The broken furniture here contains a great deal of smudged coloured wax, powders, and what were once expensive cloaks and gowns. Most of it is simply rotten, and the rest is burnt or charred. Smashed mirror shards are everywhere.

Room 21 Chorus' Dressing Room

Wooden masks are scattered over the floor in heaps and between the broken furniture and slashed clothing. There are also props such as staves, wands, swords, spears, crowns, necklaces, and amulets etc made of paste and costume jewellery. Detecting for magic will reveal it all to be junk.

The masks are in 4 batches of 16 identical designs each. They depict, rather abstractly, old men, old women, young men, and young women. They have eye- and mouth-holes to let the actors see and speak. The female masks have less wear.

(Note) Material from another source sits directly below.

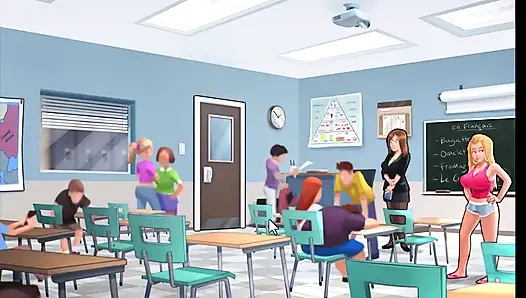 Yaz mevsimi efsanesi: Grace'in göğüslerini ve Eve'in ateşli vücudunu gördüm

Otherwise nothing of interest.

Room 22 The Safe Room

The secret door opens by means of a simple stone `click' release which is currently hidden behind a pile of ruined garments.

Inside are 16 emaciated mummified bodies of actors arrayed in costumes, but without masks, which make them resemble a group of city elders but any expert eye will reveal the jewels and gems to be fake gilded metal and paste while the clothes are cheap cloth dyed and embroidered to look good at a distance.

Room 23 Ritual Room

Tapestries depicting arid hills hang to the east; snow-covered mountains to the west. Much dried blood and bodies scattered around.

Room 24 Purification Room

Empty, whitewashed (and peeling) walls marred by black damp spots.

Room 25 The Communion Room

Two stone chairs face each other with the remains of statues on them (all one piece originally). The missing upper torsos, arms, and heads lie scattered about the mosaic floor. If the heads are examined there is an obvious similarity between the male and female faces. Both statues were of archers and the mosaic floor, if cleared, can be seen to depict two archer deities killing a group of people around a distraught female.

If either or both of the statues are repaired (a difficult task) then they will commune through dreams with two members of the party (clerics for preference, then rangers, bards, fighters, illusionists, magic-users, 0-level types. Never druids. Humans preferred over demi-humans, and higher charisma over lower) and offer a limited wish in return for a commitment to worship the deity (Artemis or Apollo). If refused, the character will suffer a psychic blast delivered a close range from Apollo, or a curse from Artemis. Those that agree will become 1st level clerics of the deity that has contacted them (dual classing, multi-classing, or switching deity as applicable) and may at some point in the future call on their new deity to fulfil a limited wish on their behalf. Artemis's curse: no natural animal will be friendly, even via spell-use, and such creatures received +1 to hit and damage against the PC. Treat any remove curse as if it were a dispel magic against a 14th level caster.

Room 26 Upper Guest Room

Empty

Room 27 Lower Guest Room

Empty

Room 28 Guard's Room

Empty, Trap, gas, save Vs poison or death (Dex mods apply if the player says something along the lines of `I try to hold my breath and duck out'. Each PC who attempts to do this gives a penalty of one to all the saving throws of other characters who try the same thing). The trap has two charges remaining and there is a catch in the door frame to disarm it.

Aside from bunks, there are a dozen spears, half a dozen large shields, and a dozen broad swords.

Room 29 The Music Room

The room was once a tastefully decorated room for relaxing before, or coming down from, the activities in the rooms to the west. Now it is a dark, damp, mould-covered cavern which stinks of death and fresh blood due to its new inhabitants.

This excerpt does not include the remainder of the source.